Stocks hit record intraday highs earlier in the session as traders shook off a widely unexpected result to the general election in the United Kingdom.

Prime Minster Theresa May’s Conservative party lost its parliamentary majority in the process, coming up with 318 of 650 seats. Conservatives held a 17-seat majority before the contest. Some pollsters expected May’s party to retain the majority while others expected them to build on it. That said, no other party came out with a clear majority.

“Investors have been pretty bullish all year,” said Chris Zaccarelli, chief investment officer at Cornerstone Financial Partners. “All of the fundamentals are there for the market to go higher, but from time to time we become concerned with political uncertainty.”

The results sent the British pound spiraling lower to its weakest level since April 18 against the dollar. As of 1:50 p.m. in New York, sterling traded off those lows but was still down 1.7 percent at $1.273.

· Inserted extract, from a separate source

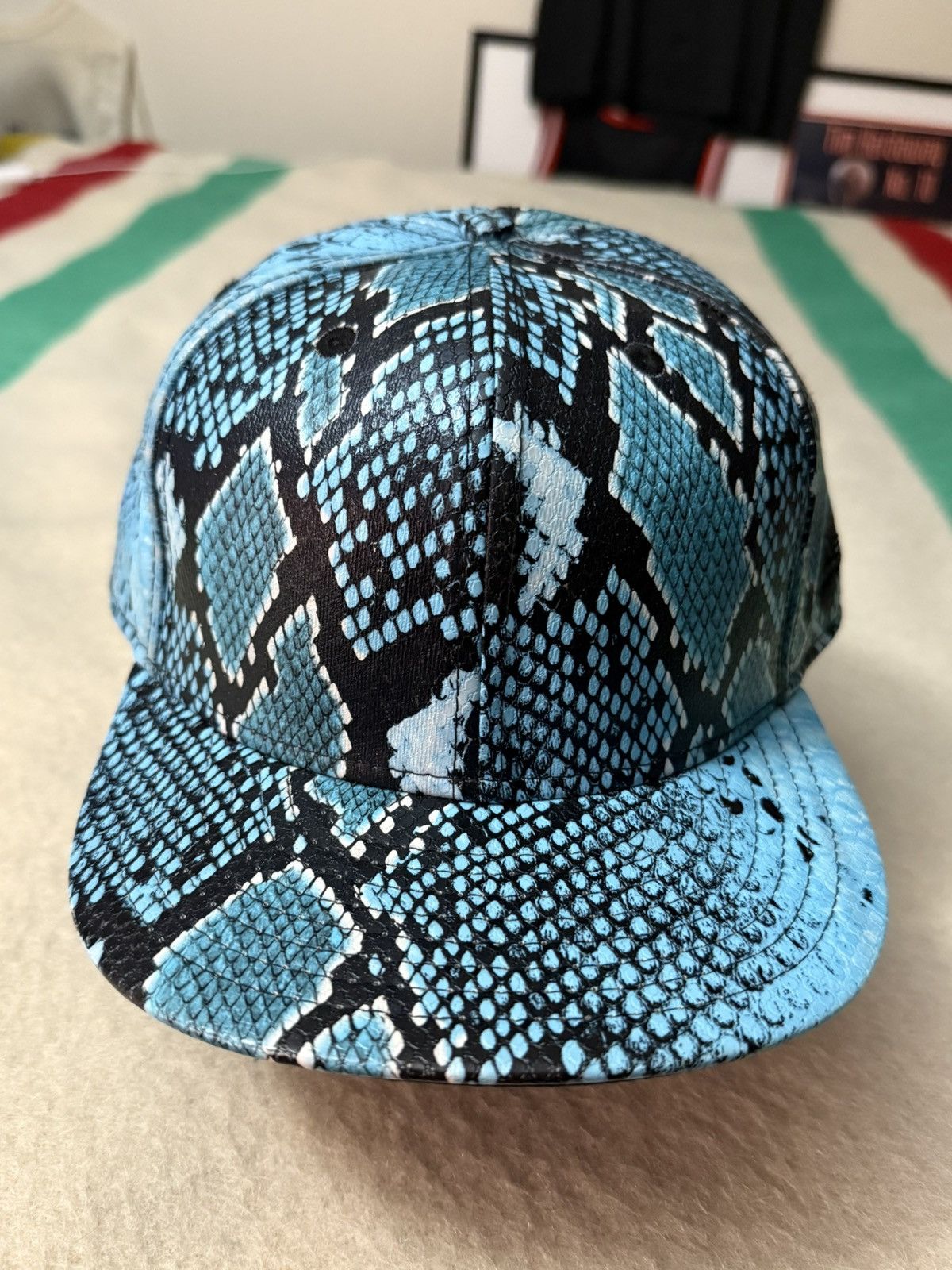 Jeremy Scott 2013 Jeremy Scott New Era Blue Black Snakeskin Hat Size 8 Size ONE SIZE - 2 Thumbnail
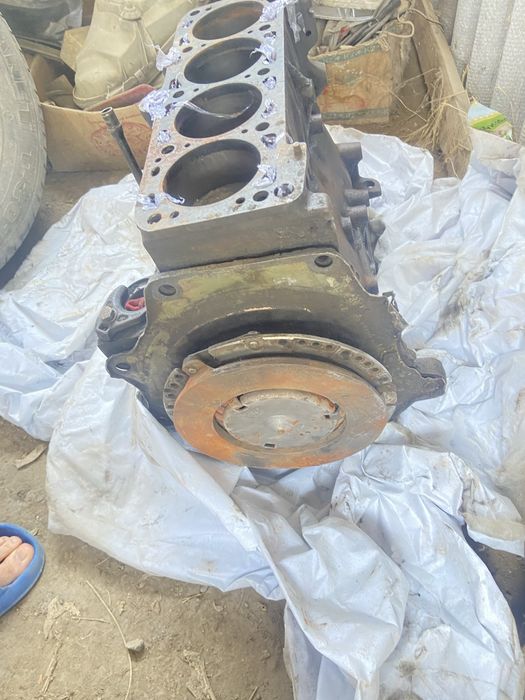 Блок двигателя  от гольф 2-3 1.8 Торг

European equities seemingly shrugged off the result, however. The FTSE 100 rose 1.04 percent, while the German Dax advanced 0.8 percent. The pan-European Stoxx 600 index gained 0.32 percent.

“The muted response from financial markets so far reflects their sense of déjà vu. After all, in the past 12 months they have also had to absorb the shocks of the EU referendum result and President Trump’s election,” said Lucy O’Carroll, chief economist at Aberdeen Asset Management.

“That said, we could see a fair amount of volatility in the coming days and weeks unless Westminster’s response to this surprise result is remarkably smooth, which is unlikely. History tells us that hung parliaments are not durable, let alone with Brexit looming large,” O’Carroll said.

Traders also remained undeterred by former FBI Director James Comey’s testimony on Thursday, which some saw as lacking a “smoking gun” that could derail Donald Trump’s presidency.

Cornerstone’s Zaccarelli said that, while the testimony was “very unflattering” to Trump, it is unlikely to lead to an impeachment.